PROMPT
Print what the records say exactly, and omit the pictures.

DATA SUPPLIED
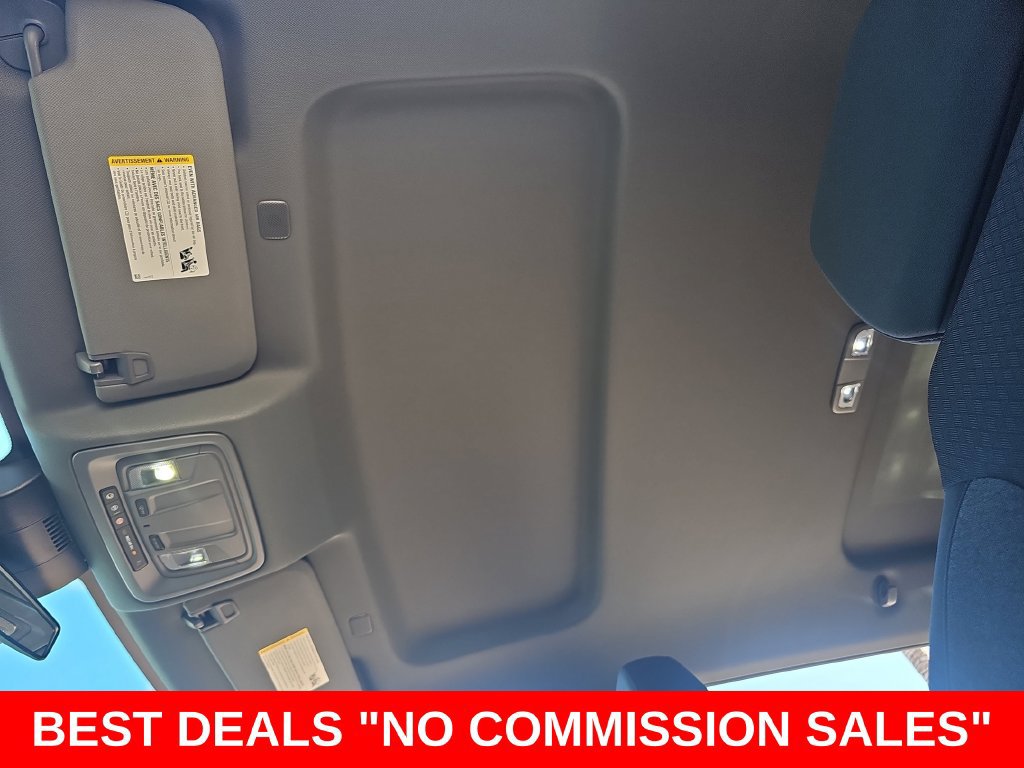 New 2026 Chevrolet Silverado 1500 Custom w/ LPO, Dark Essentials Package RWD image 29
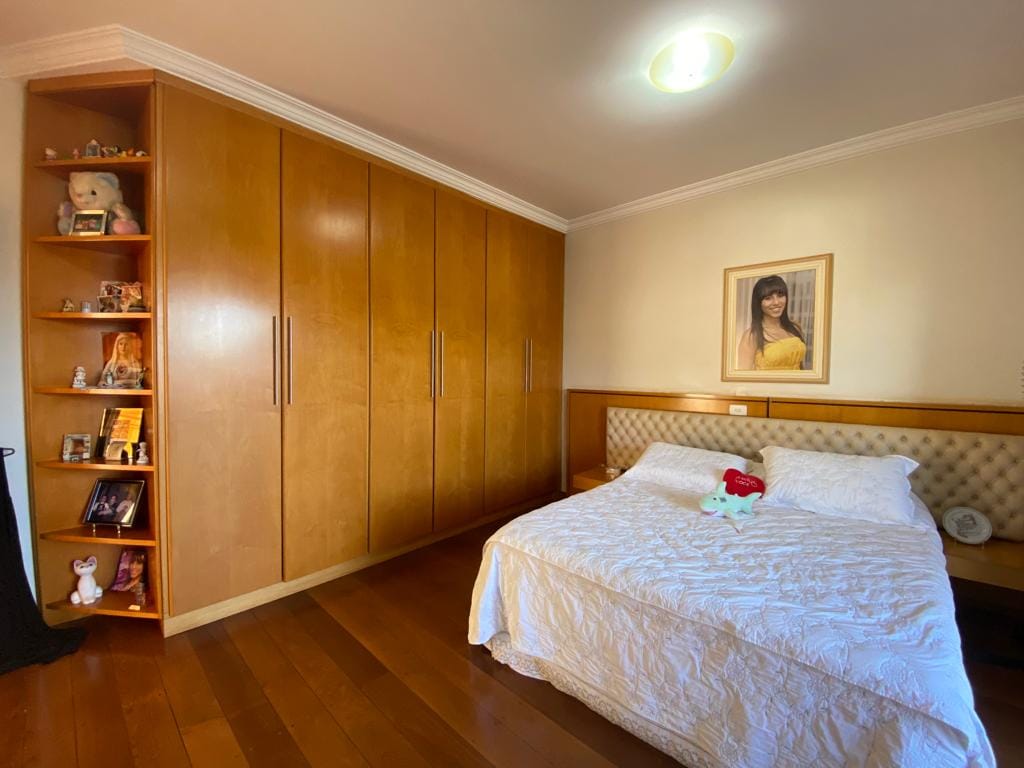 Sobrado à venda, 574m² úteis, 4 suítes com banheira e sacada, piscina, sauna,  estuda permuta- Jardim Itatiaia 1, Londrina, PR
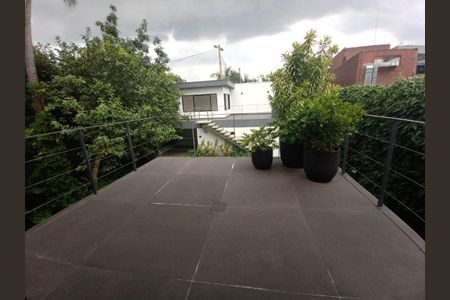 Casa à venda com 410m², 4 quartos e 4 vagas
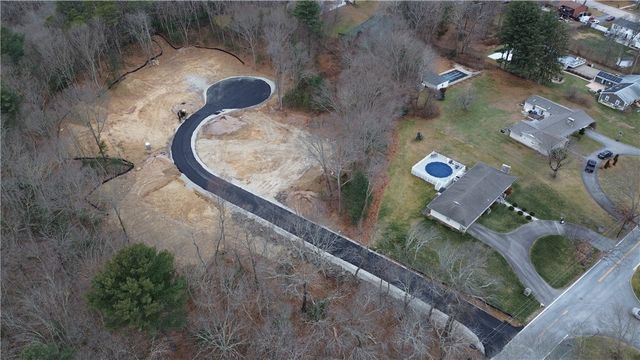 10 Helena Way, Johnston, RI 02919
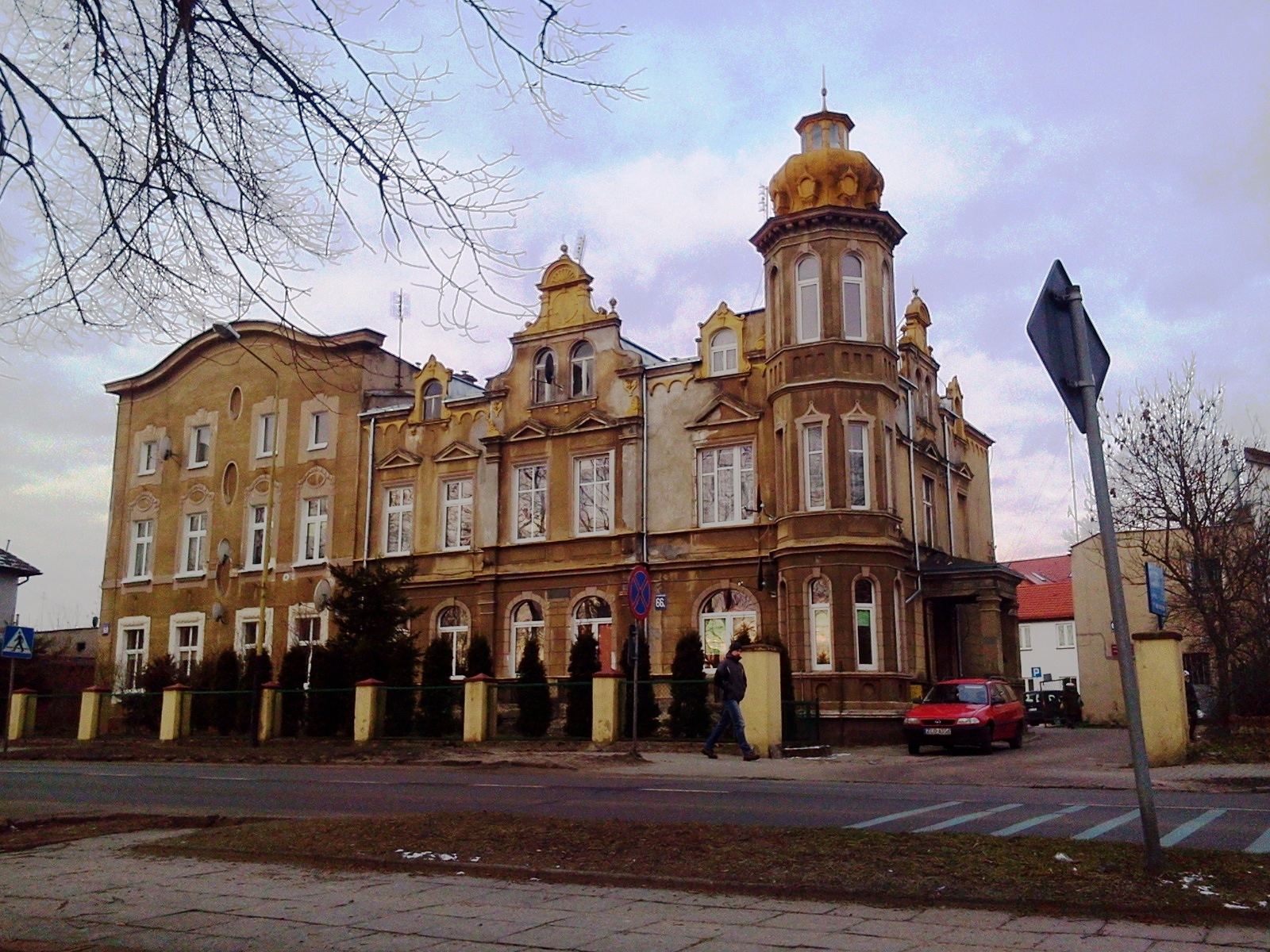 Willa dwurodzinna, ob. dom mieszkalny, Łobez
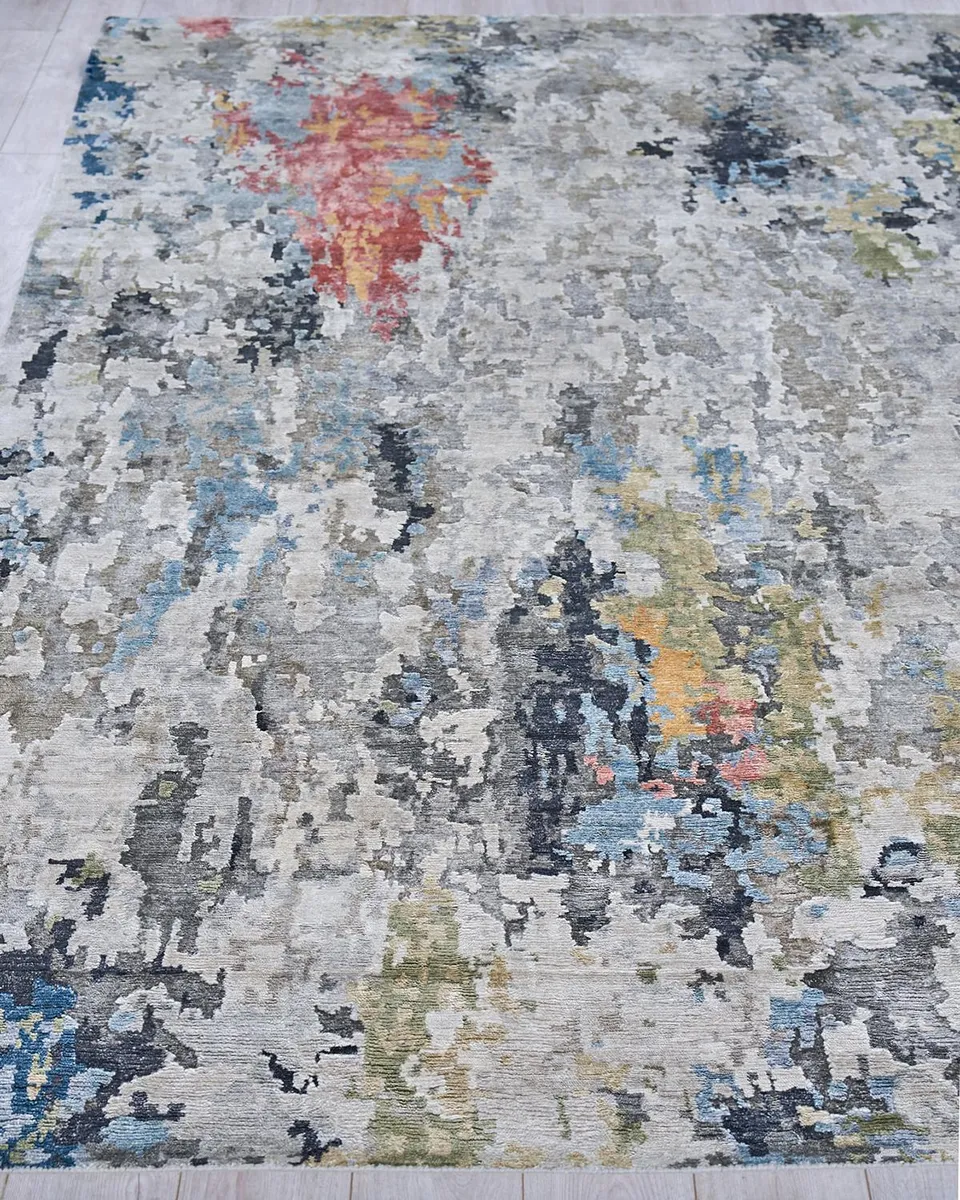 Exquisite Rugs Floor Art Hand-Knotted Silver & Gray Rug | Thumbnail 2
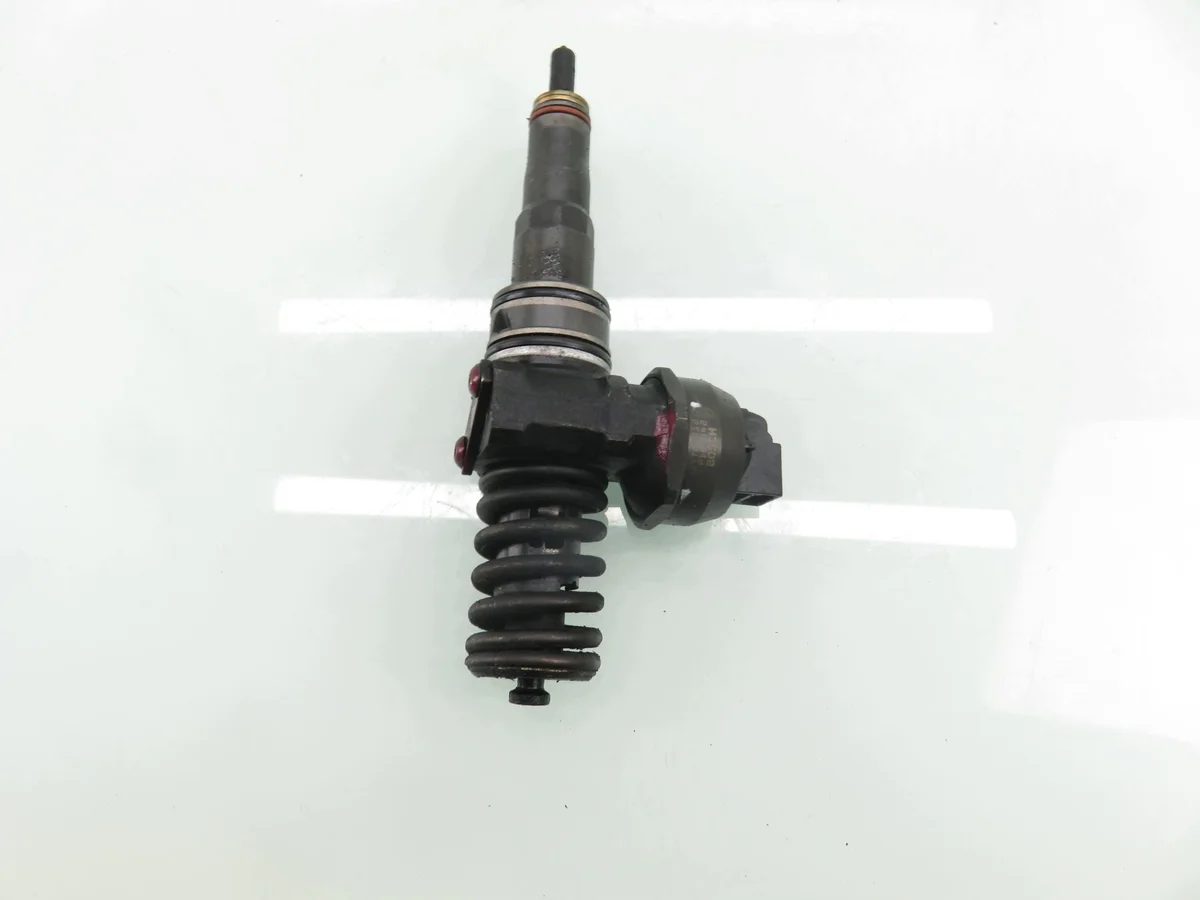 Polttoainepumppu VW Passat B6 2.0 TDI image 5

RESPONSE BELOW
 New 2026 Chevrolet Silverado 1500 Custom w/ LPO, Dark Essentials Package RWD image 29
 Sobrado à venda, 574m² úteis, 4 suítes com banheira e sacada, piscina, sauna,  estuda permuta- Jardim Itatiaia 1, Londrina, PR
 Casa à venda com 410m², 4 quartos e 4 vagas
 10 Helena Way, Johnston, RI 02919
 Willa dwurodzinna, ob. dom mieszkalny, Łobez
 Exquisite Rugs Floor Art Hand-Knotted Silver & Gray Rug | Thumbnail 2
 Polttoainepumppu VW Passat B6 2.0 TDI image 5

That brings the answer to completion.